Fourier coefficients of smooth functions behave like Schwartz functions? [duplicate]
Let $f : \mathbb R \to \mathbb R$ be a $1$-periodic $L^1([0,1])$ function. Hence, the Fourier coefficients $$a_n = \int_0^1 f(x)\exp(-2\pi i nx) dx$$ are well definied. Do we now have the equivalence $$f \in C^\infty(\mathbb R) \quad\Leftrightarrow\quad \forall k \in \mathbb N \lim_{n \to \infty} a_n n^k = 0? $$ I think I proved the direction "$\Leftarrow$" (if I'm not mistaken, please correct me otherwise), so I'm only left with "$\Rightarrow$". Is this true as well?
Solution 1:
As mentioned in the comments, integration by parts (take $u = f(x)$, $v' = e^{-2 \pi i n x}$) reveals \begin{align} \widehat{f}(n) & = \int_{0}^{1} f(x) e^{-2 \pi i n x} \; \text{d}x = f(x) \frac{e^{-2 \pi i n x}}{- 2 \pi i n}\bigg|_{x = 0}^{1} + \frac{1}{2 \pi i n} \int_{0}^{1} f(x) e^{-2 \pi i n x} \; \text{d}x \\ & = \frac{1}{2 \pi i n} \int_{0}^{1} f'(x) e^{-2 \pi i n x} \; \text{d}x = \frac{1}{2 \pi i n} \widehat{f'}(n), \end{align} for any $n \in \mathbb Z$, where in the second to last equality we used that $f$ is 1-periodic.

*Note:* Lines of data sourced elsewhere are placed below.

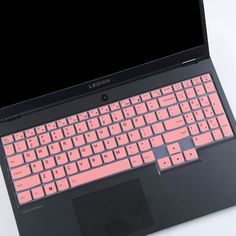 an open laptop computer sitting on top of a white table next to a black keyboard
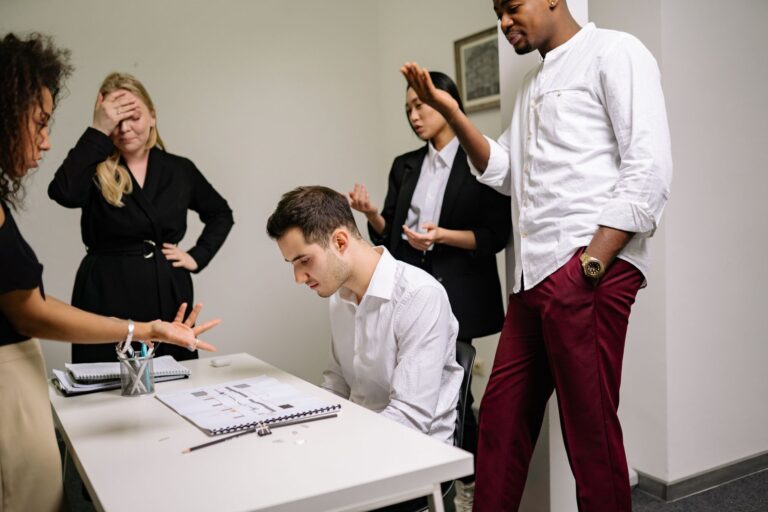 Des professionnels du secteur engagés dans une discussion tendue au bureau, mettant en évidence le conflit au travail.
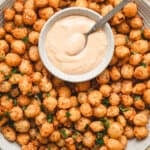 Bloomin onion bites on a plate with comeback sauce.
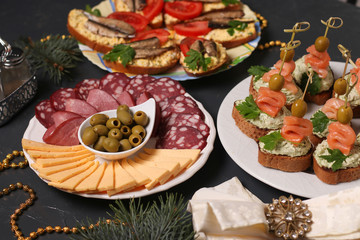 Fototapeta na wymiar Appetizer on a festive table - canapes with salmon, sandwiches with sprats and sliced cheese and sausage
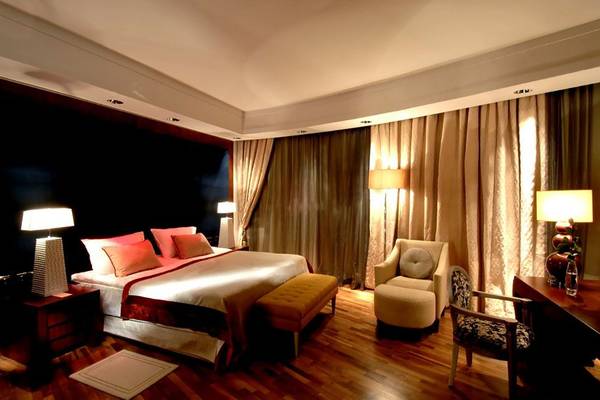 Schlafzimmer im Calista Luxury Resort mit Bett, Sesseln und Schreibtisch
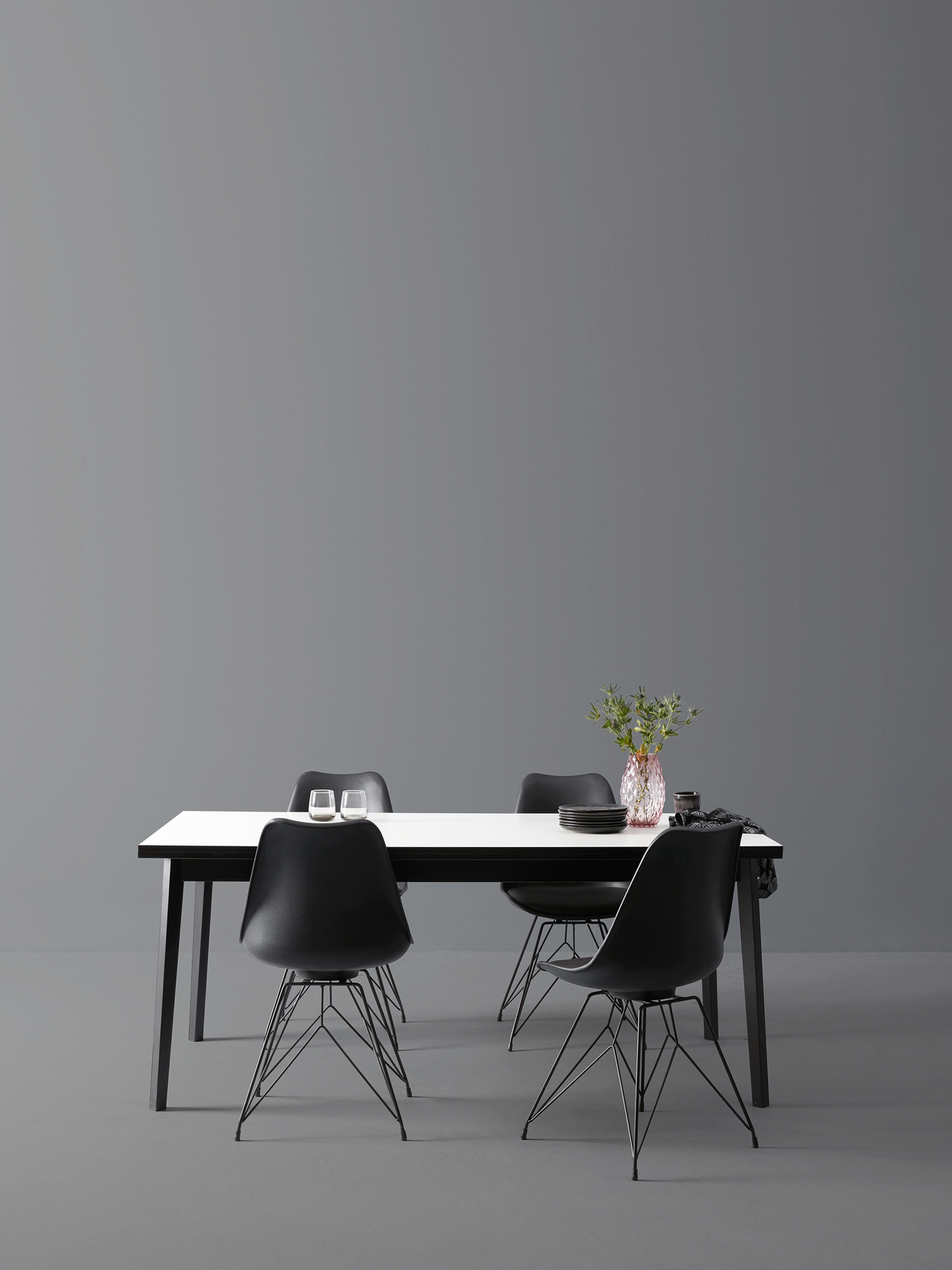Minimalistisk spisebordsscene med hvid bordplade og fire sorte stole; på bordet er to glas, en stak mørke tallerkener og en vase med grønne grene.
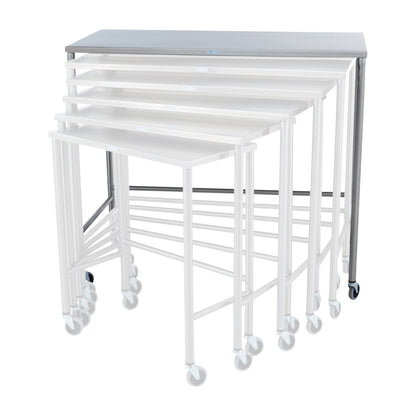 A set of Blickman Nested Instrument Tables, Single Table, nesting into one another on rolling casters with white frames and gray tops.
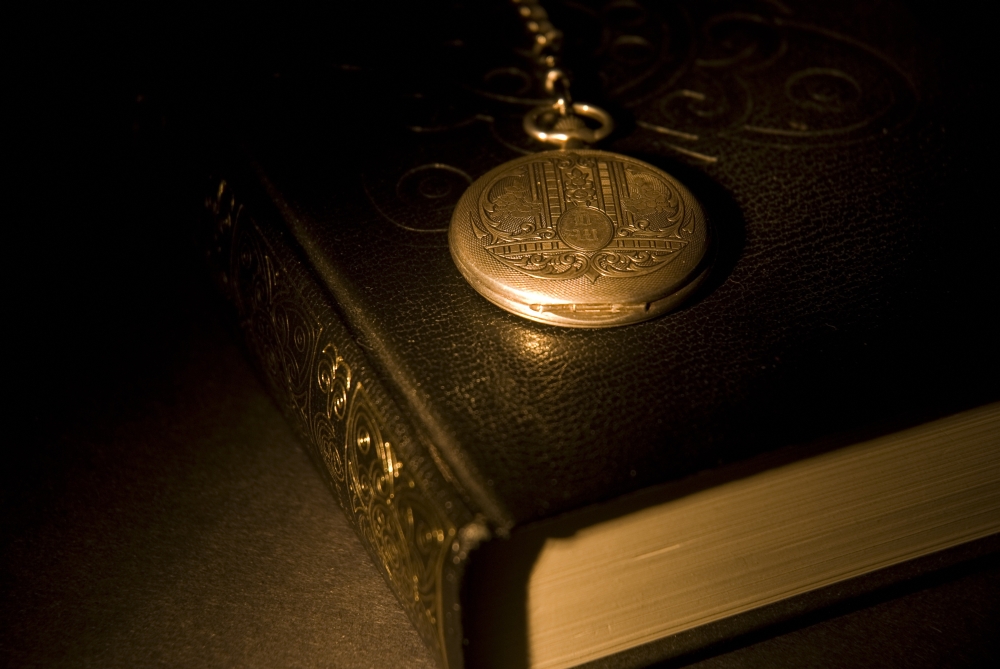 Gold Pocket Watch Resting On A Book Poster Print, 17 x 11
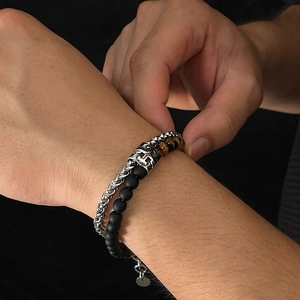 Close-up of double-layer stainless steel bracelet with tiger eye beads on wrist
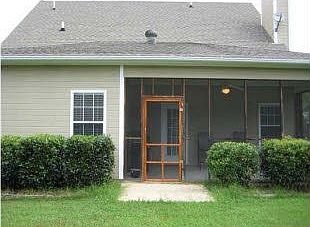 Flat backyard with screened in patio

One can now proceed inductively to obtain that $$ \widehat{f}(n) = \frac{1}{(2 \pi i n)^k} \widehat{f^{(k)}}(n) $$ Hence if $f \in \mathcal{C}^{k}(\mathbb{R})$, then $$ \lim_{n \to \infty} n^k \hat{f}(n) = \lim_{n \to \infty} n^k \frac{1}{(2 \pi i n)^{k}}\widehat{f^{(k)}}(n) = \lim_{n \to \infty} \frac{1}{(2 \pi i)^{k}}\widehat{f^{(k)}}(n) = 0, $$ as $\widehat{} \colon L^1 \to \mathcal{C}_0(\mathbb{R})$, that is, the Fourier transformed function is a continuous function vanishing at the boundary.